[Prompt]
Please give an exact printout of the records, without any pictures.

[Records provided]
--------------------------------------------------

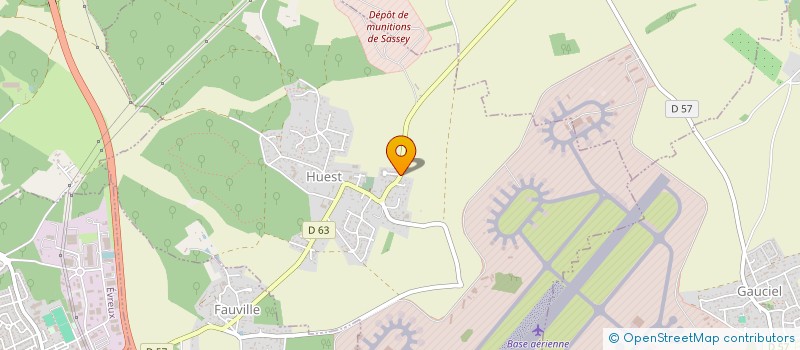 localisation de l'entreprise MONSIEUR CYRIL THUISSARD  HUEST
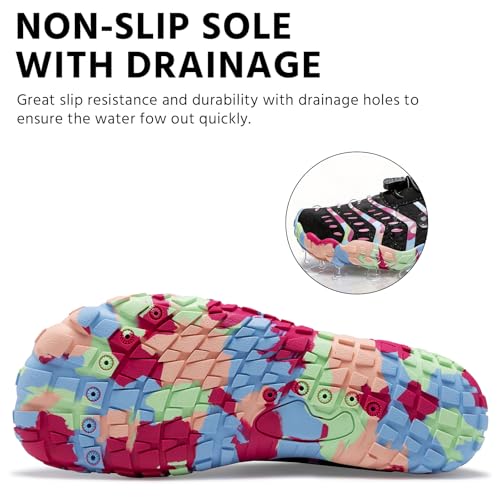 Image of EWUHA Barefoot Shoes Womens Mens Footwear for Walking Hiking with Wide Toe Box,Healthy & Non-Slip,Breathable Barefoot Vitality Water Shoes for Beach Pool Swim Outdoor (Unisex)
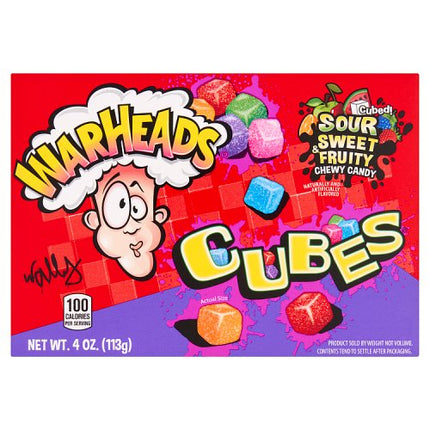 Warheads Chewy Cubes Theatre Box 113g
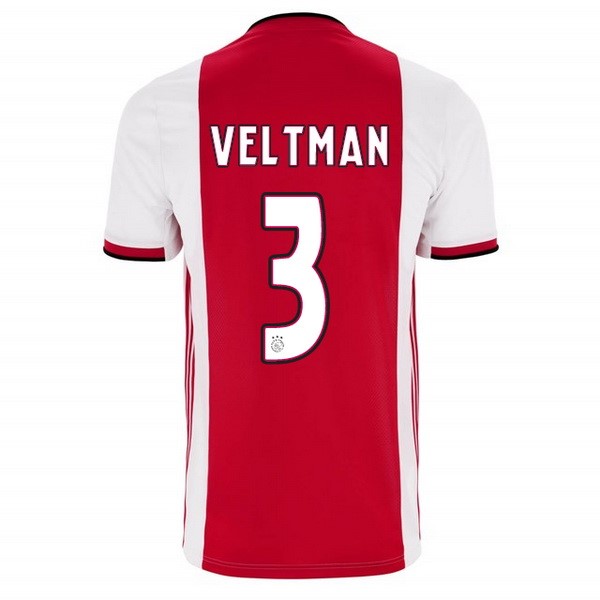 Camisetas Ajax Primera equipo Veltman 2019-20 Rojo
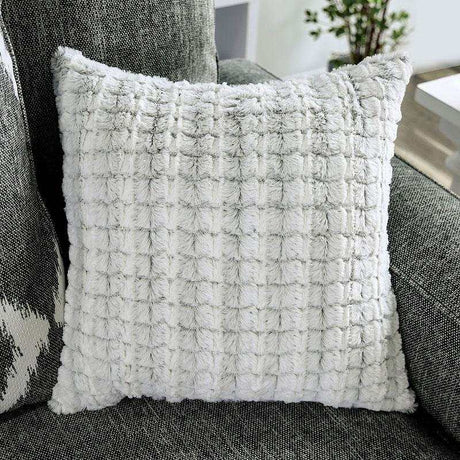 Basie Gray Stationary Sofa & Loveseat 2pc - Ornate Home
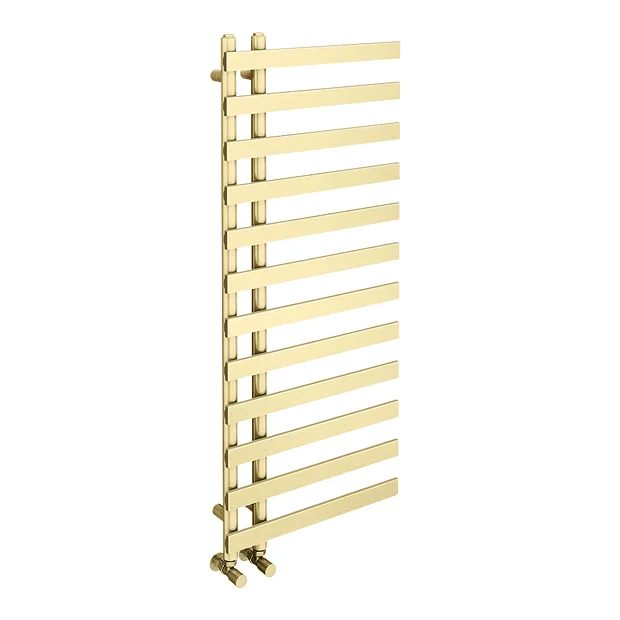 Arezzo Brushed Brass 1200 X 500mm 12 Bars Designer Heated Towel Rail 3 Arezzo Brushed Brass 1200 X 500mm 12 Bars Designer Heated Towel Rail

--------------------------------------------------

[Worked solution]
 localisation de l'entreprise MONSIEUR CYRIL THUISSARD  HUEST
 Image of EWUHA Barefoot Shoes Womens Mens Footwear for Walking Hiking with Wide Toe Box,Healthy & Non-Slip,Breathable Barefoot Vitality Water Shoes for Beach Pool Swim Outdoor (Unisex)
 Warheads Chewy Cubes Theatre Box 113g
 Camisetas Ajax Primera equipo Veltman 2019-20 Rojo
 Basie Gray Stationary Sofa & Loveseat 2pc - Ornate Home
 Arezzo Brushed Brass 1200 X 500mm 12 Bars Designer Heated Towel Rail 3 Arezzo Brushed Brass 1200 X 500mm 12 Bars Designer Heated Towel Rail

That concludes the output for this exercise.